コンパスで90度を描くように倒れていくビル。雪崩のように崩れる家屋。そして荒れた海のように波うち、倒壊していった高速道路。それは、震度7の地震だった。
火事が起きる。消防隊が到着し、ホースを取り付けた。だが、水が出ない。断水だ。水が出る古い消火栓まで辿りつく。だが、今度はホースとの規格が合わなかった。
取材のヘリコプターはたくさん飛んでいるのに、救助のヘリは一機だけ(※震災当日)。瓦礫の下から救助を求める声がする。その声を取材ヘリの爆音がかき消していった。

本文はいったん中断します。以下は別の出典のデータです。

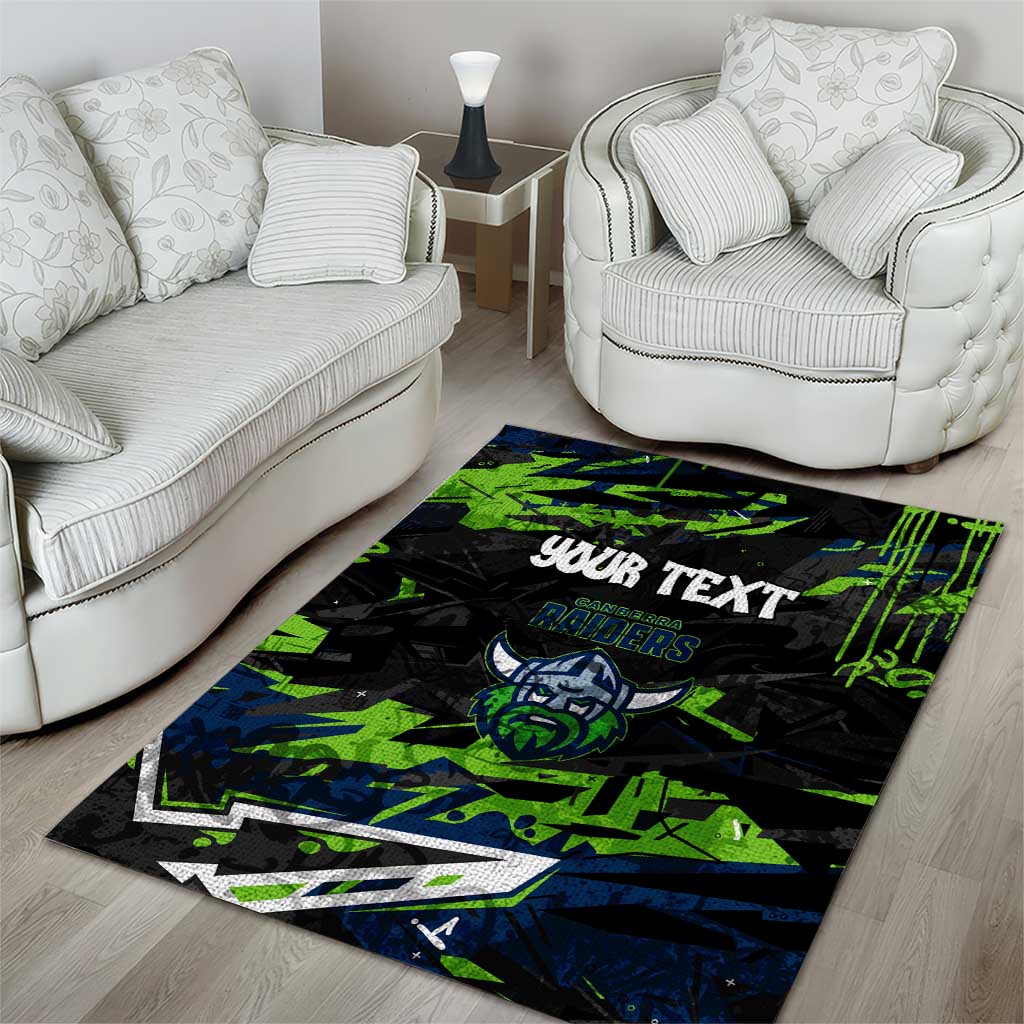 Personalized Canberra Raiders Area Rug Graffiti Grunge Abstract Urban Street Style Design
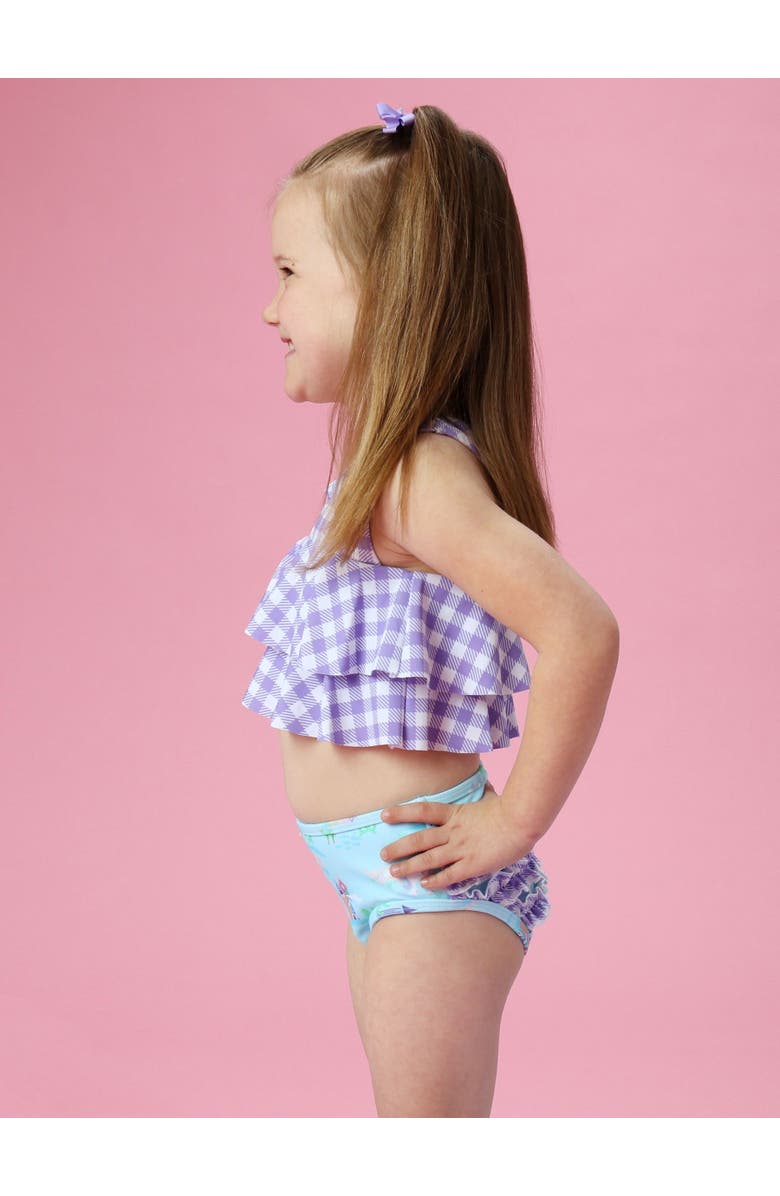 RuffleButts Girls Flounce Bikini, Alternate, color, Once Upon A Castle
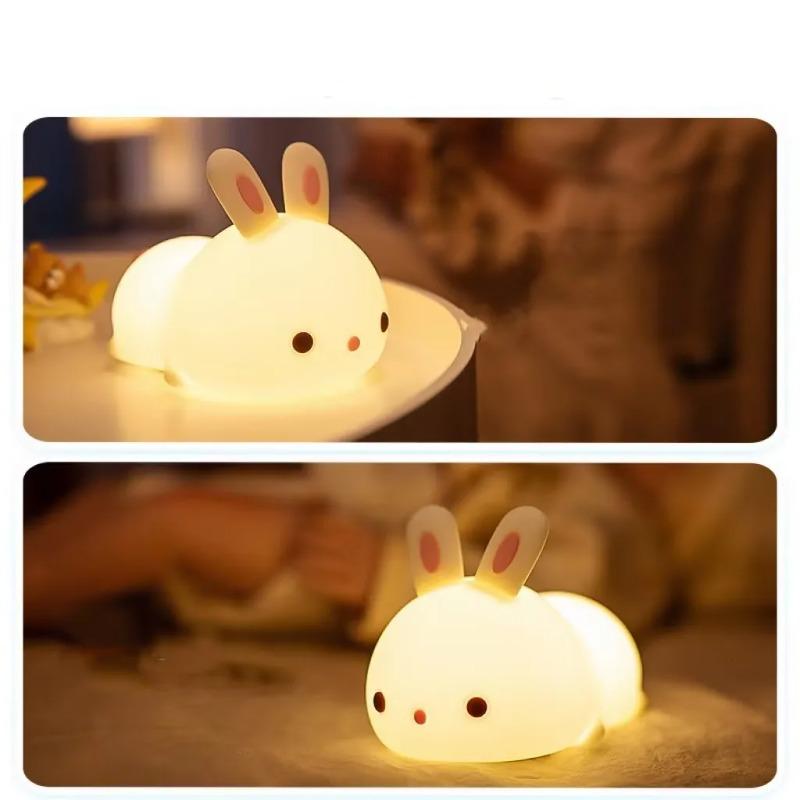 LED Rabbit Silicone Night Light Rechargeable Soft Light Kids Birthday Gift Sleep Companionship Night Light Bedroom Decoration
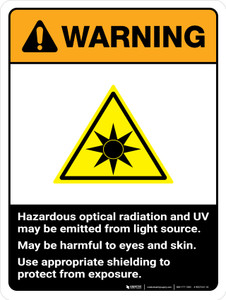 Warning: ISO Hazardous Optical Radiation ANSI May be Harmful to Eyes and Skin Portrait - Wall Sign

阪神・淡路大震災は6434人の、罪なき人々の命を奪った。
プロレス界でも、厳しい報告が続出する。
被害が甚大だった神戸市長田区、同東灘区に実家のある金本浩二と堀田祐美子は、家族は無事だったが、家屋は全壊。小橋も京都にいる母親と連絡は取れたが、兵庫に住む祖母とは翌日まで連絡が取れずじまい。小橋は不安な一夜を過ごした。
そして試合である。UWFインターナショナルは、4月9日に予定されていた神戸ワールド記念ホール大会を中止することに。全日本が試合をおこなう大阪府立体育会館近辺は、震度4と、神戸に比べれば被害は少なかったが、交通機関の混乱もあり、開催反対の声も社内から上がった。しかし、大阪では1989年4月に行われた鶴田vs天龍以来、5年9カ月ぶりの三冠戦の開催だった。テレビ中継の予定も入っていたが、よみうりテレビのクルーは、早々と撮影をキャンセルしていた(※全日本プロレスのビデオクルーは待機)。そして、王者である川田自身、こうコメントした。
「被害に遭われた方の気持ちを考えたら、やらない方が良いのではないか……。僕の気分としては、少なくともやりたくはない」
だが全日本は前日、大会の決行を発表した。
「この状況下では、情報が伝わるかもわからない。もし無理をして来てくれたファンがいたらどうするのか?」「この大会を楽しみにしてくれていたファンがいたら……」という配慮からだった。「たとえお客が1人でも、大会は決行する」とし、選手のギャラやチケットやグッズの売り上げを義援金に回す、チャリティー興行とすることも宣布された。